* EXERCISE PROMPT: Since the records include pictures, leave those out while you reproduce exactly and only the lines from the one containing "New Mercedes-AMG GT" through the one containing "Uma Pitoresca Estrada", inclusive.

Top of DATA RECORDS

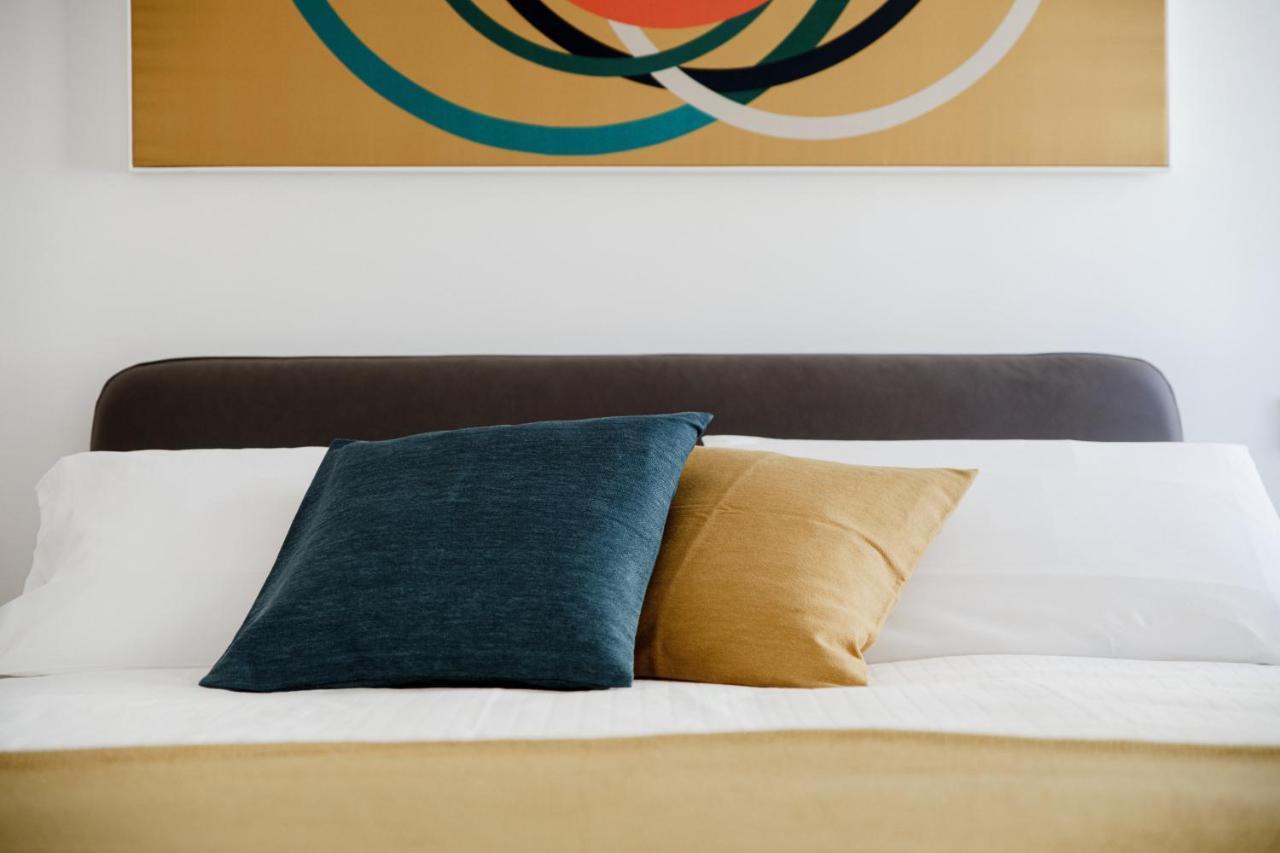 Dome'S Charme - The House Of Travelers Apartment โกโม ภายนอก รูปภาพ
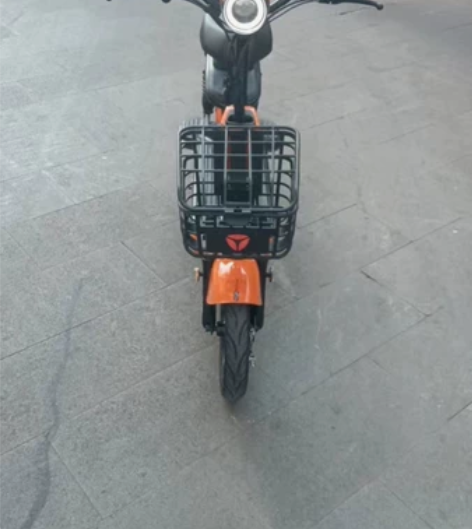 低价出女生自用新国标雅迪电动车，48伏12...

Bottom of DATA RECORDS
Top of DATA RECORDS

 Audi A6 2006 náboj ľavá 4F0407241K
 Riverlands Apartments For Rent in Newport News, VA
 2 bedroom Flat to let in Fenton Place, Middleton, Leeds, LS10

Bottom of DATA RECORDS
Top of DATA RECORDS

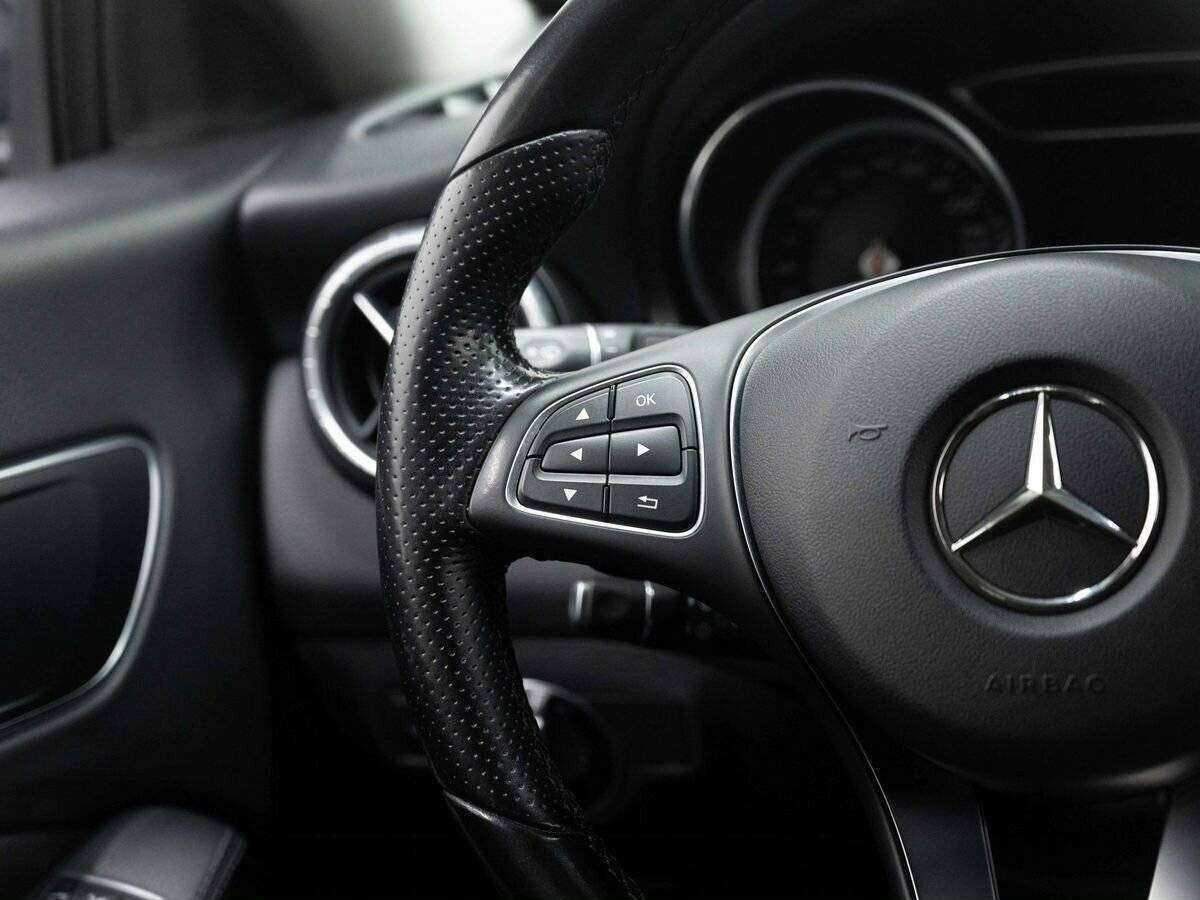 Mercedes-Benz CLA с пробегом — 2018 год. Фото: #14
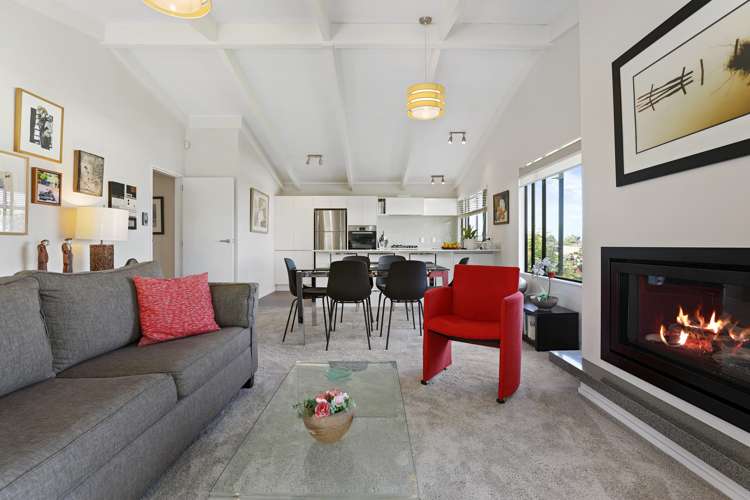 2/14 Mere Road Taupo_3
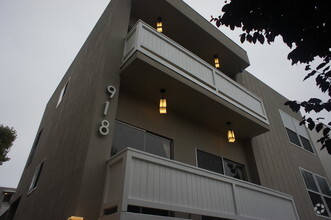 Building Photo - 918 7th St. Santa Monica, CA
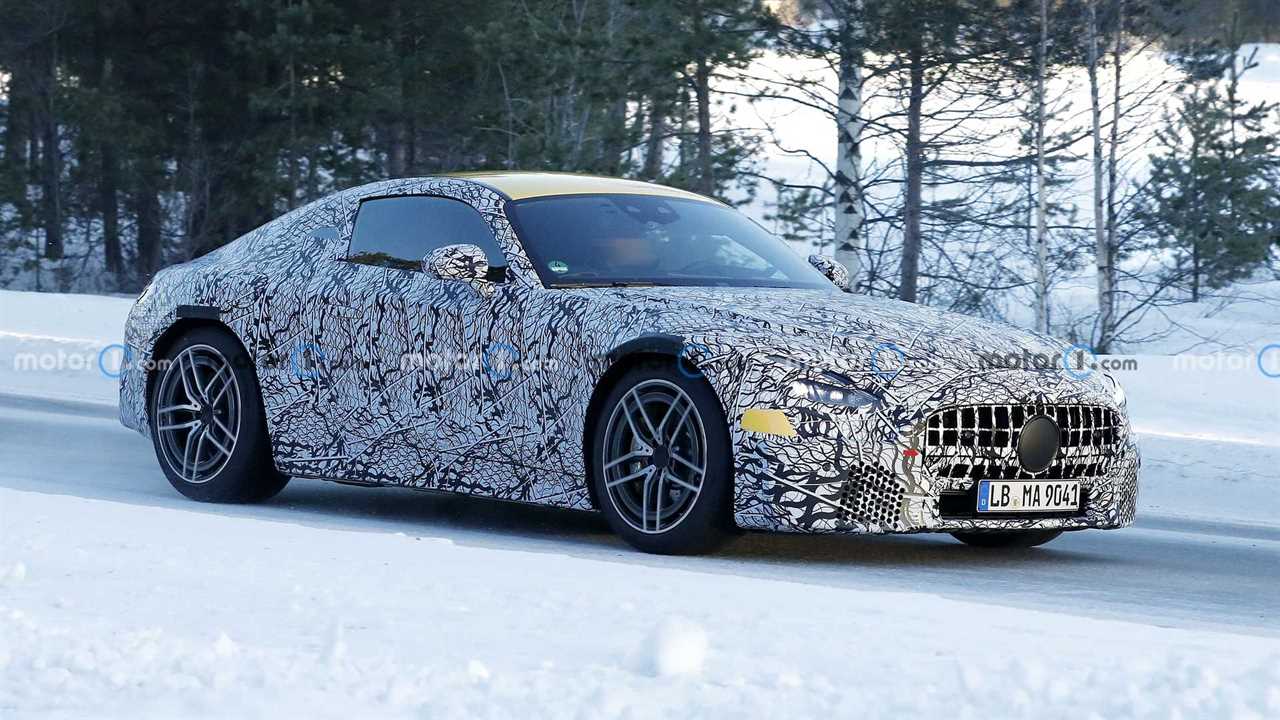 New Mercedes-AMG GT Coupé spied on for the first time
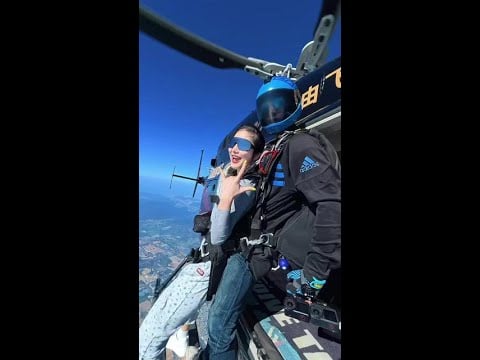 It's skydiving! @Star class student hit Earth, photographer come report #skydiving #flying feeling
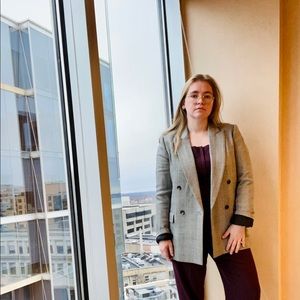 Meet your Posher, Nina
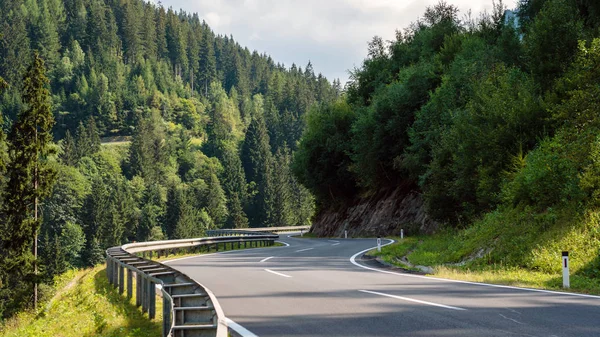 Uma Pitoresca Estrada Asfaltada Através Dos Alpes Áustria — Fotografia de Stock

Bottom of DATA RECORDS

* ANSWER TO THIS PROBLEM:
 New Mercedes-AMG GT Coupé spied on for the first time
 It's skydiving! @Star class student hit Earth, photographer come report #skydiving #flying feeling
 Meet your Posher, Nina
 Uma Pitoresca Estrada Asfaltada Através Dos Alpes Áustria — Fotografia de Stock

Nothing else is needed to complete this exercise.